Laura Warrell’s debut novel Sweet, Soft, Plenty Rhythm is a luxuriant dive into the world of jazz and love. Trumpet player Circus Palmer swims through a series of captivating women—including his daughter, Koko—without landing on the unconditional love he has for his instrument. Yet it is Circus’s women who comprise the joists and crossbeams of this engaging novel. I had the good fortune to catch up with Laura Warrell by email.
Martha Anne Toll: How did you first come to writing?
Laura Warrell: I never consciously decided to write. It came naturally. I began once I learned how to handle a pencil—I wrote my first book when I was six, although my mother claims I was five. Throughout my childhood, I wrote stories and film scripts so I could become a movie star and act in my own films.
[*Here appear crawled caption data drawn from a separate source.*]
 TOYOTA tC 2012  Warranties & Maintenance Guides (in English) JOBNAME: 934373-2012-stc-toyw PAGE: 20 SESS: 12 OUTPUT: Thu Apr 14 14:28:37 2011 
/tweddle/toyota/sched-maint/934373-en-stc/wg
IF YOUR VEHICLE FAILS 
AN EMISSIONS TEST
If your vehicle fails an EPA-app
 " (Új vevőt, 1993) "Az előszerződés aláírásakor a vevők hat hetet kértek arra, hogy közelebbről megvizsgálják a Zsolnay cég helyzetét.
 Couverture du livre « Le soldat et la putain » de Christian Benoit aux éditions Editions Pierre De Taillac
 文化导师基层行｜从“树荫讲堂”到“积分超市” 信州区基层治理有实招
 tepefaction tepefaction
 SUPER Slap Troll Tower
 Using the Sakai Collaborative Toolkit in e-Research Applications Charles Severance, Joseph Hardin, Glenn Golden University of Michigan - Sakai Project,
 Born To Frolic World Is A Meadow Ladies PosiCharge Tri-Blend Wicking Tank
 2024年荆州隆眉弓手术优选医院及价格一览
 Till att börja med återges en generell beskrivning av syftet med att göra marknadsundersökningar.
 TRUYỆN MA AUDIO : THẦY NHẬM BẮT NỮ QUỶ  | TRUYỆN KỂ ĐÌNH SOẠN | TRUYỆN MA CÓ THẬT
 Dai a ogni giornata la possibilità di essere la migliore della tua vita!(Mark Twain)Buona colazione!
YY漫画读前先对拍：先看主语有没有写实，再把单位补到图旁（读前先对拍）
In college, it dawned on me: I like acting, but I love writing. Very little in had to change. I was already writing constantly, so now there was simply more intention and more desire to understand craft. I got two writing degrees, learned to read with a closer eye, and participated in classes, conferences, anything I could do to get better.
MAT: What kind of reader were you as a child? And now?
LW: I read to escape a somewhat challenging childhood and to imagine a life: loads of racy YA books, including Judy Blume, because no boys had crushes on me though I was crushing on them. In high school I read a lot of Jackie Collins—again, to imagine a much sexier life. In high school I discovered literary and classic fiction; that’s where Toni Morrison and Alice Walker came in. I attempted Tolstoy and Dostoevsky, found Vonnegut and Toni Cade Bambara.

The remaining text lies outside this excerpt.